Writing fiction has, for the most part, been a seasonal occupation for me, centered around the month of November when NaNoWriMo happens. During the month of November, I churn out something between 50,000 – 80,000 words. Sometimes that effort spills into December, and this year that effort has spilled into January (I should probably admit that it’ll be February, but my peer reading group will kill me if that happens).
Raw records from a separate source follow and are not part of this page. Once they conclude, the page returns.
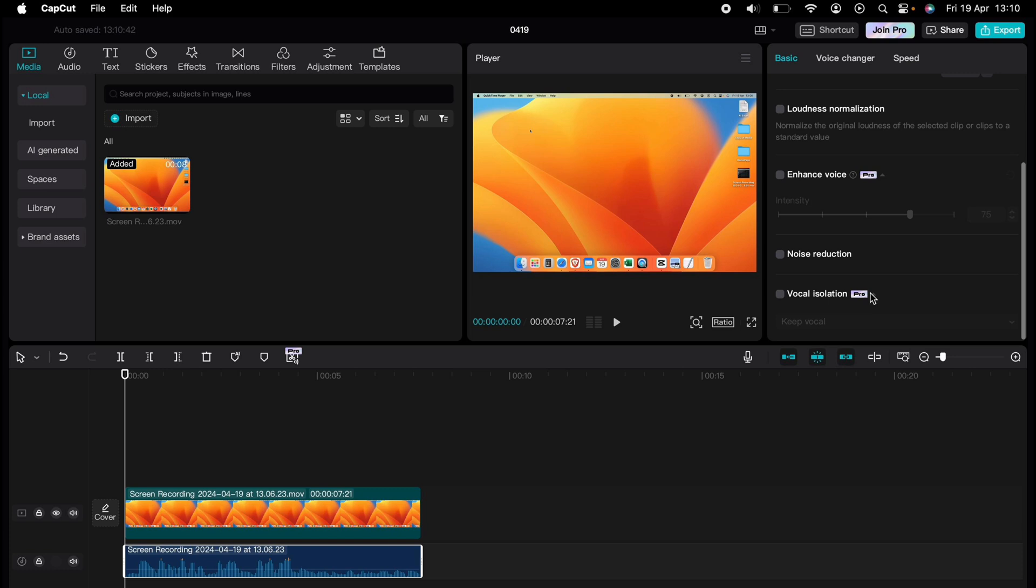Select this, and in the middle you'll see the Play window. Just above this is Applying Voice Isolation. This will take some time if it's a large clip, or quicker if it's a small clip.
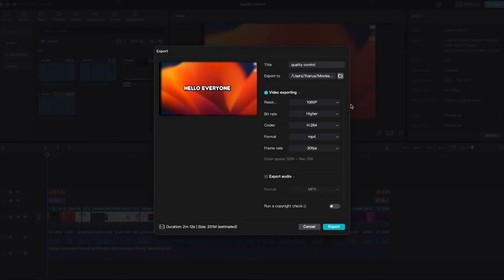As you can see, it's now 250 MB. But rest assured, this won't compromise the video quality.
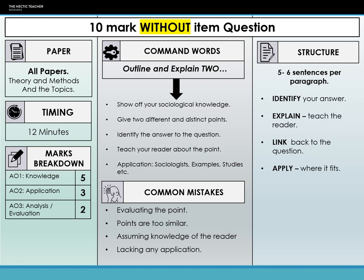Now let's look at the 10 marker without item question. This appears on all papers, but in paper one and paper three it is for theory and methods only. In paper two, you get one question for each of the topics you've studied. The thing to remember with theory and methods is if the topic comes up in paper one, it could still come up in paper three. So if you get a research methods question in paper one, you could still get one in paper three — you can't just forget about it.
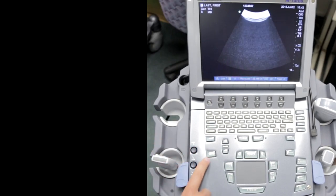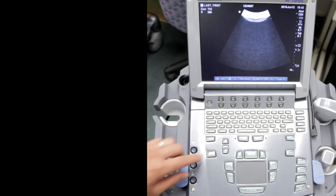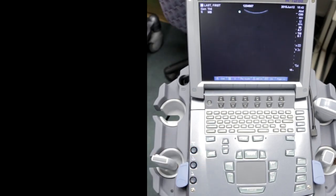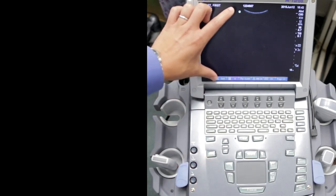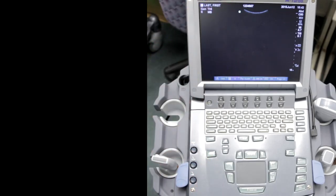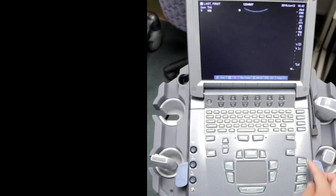There's another function called auto gain that the Sonosight has. What I would do is when I first start scanning, push auto gain, and then from there you can start changing the gain based on where it starts.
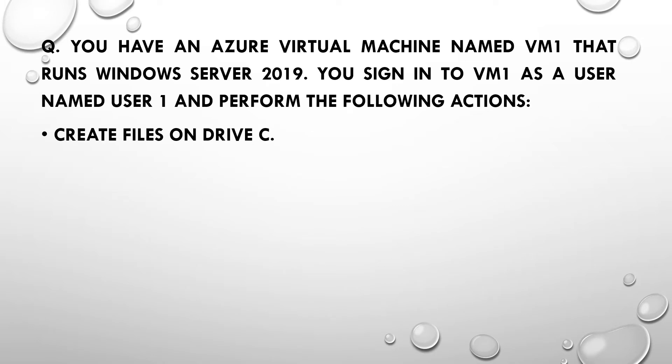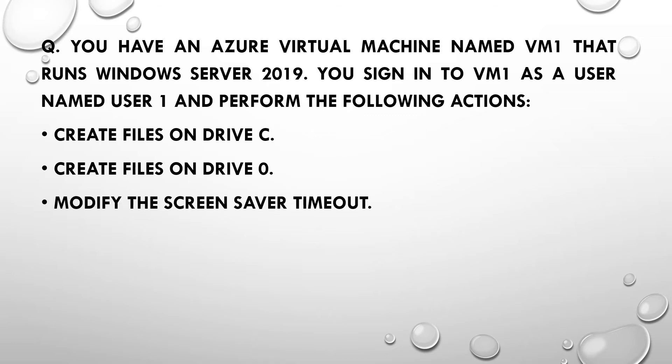Create files on drive C. Create files on drive D. Modify the screensaver timeout. Change the desktop background.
While I’m on my novel-writing binge, I write anywhere and everywhere. The office, the coffee shop, the library, my home office, the back patio. It all depends on my mood. Sometimes I crave distraction, while other times I need a quiet refuge. Certain settings will inspire me to churn out words, while others will provoke deep thoughts about particular aspects of my story. Sometimes I need the comfort of home, while others time I need to escape my cozy surroundings and force myself to experience my writing from a different, and often less comfortable, locale.

Everything I write happens on a computer, and Microsoft Word has served me well over the years. I also usually cook up a pretty sophisticated spreadsheet that helps me track daily wordcounts, character names, scenes, plotlines, research notes, and any other information I may need outside of the actual manuscript itself. I keep Wikipedia open at all times to keep my thirst for quick-and-dirty research slaked throughout the process.
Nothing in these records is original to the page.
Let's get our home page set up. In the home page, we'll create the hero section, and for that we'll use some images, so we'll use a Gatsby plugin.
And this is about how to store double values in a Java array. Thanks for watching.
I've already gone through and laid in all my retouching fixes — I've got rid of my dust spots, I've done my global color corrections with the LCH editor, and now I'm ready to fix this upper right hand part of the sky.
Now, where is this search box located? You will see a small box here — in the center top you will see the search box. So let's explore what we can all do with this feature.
While I’m writing, I often use music to inspire me and eliminate distractions. Wordless musical scores work best: sweeping orchestral pieces, somber trance music, spirit-lifting soundtracks. Sometimes, however, I find that music isn’t the answer, and that silence is golden. But on my best days I can sit in a noisy restaurant and let the clamoring voices of customers wash over me without effect, because I’m so lost in the zone that the outside world can’t penetrate the world I’m crafting in front of me.

When I’m in that zone, what really matters is that I have hours (and hours…and more hours) to write every day. First thing in the morning, in between the classes I teach, before and after dinner, and then late at night before I collapse in exhaustion into my bed. Every hour of the day is a moment I could be writing, or thinking about writing, or fixing what I already wrote. It’s a consuming experience, which is why I’ve failed to ever keep it going beyond a month or two. But I promise, when someone offers me millions and millions of dollars to write books, I’ll stretch out my efforts to at least three months of the year.

…Okay, two-and-a-half. Maybe.

Is it time for my nap yet? All this excitement is wearing me out!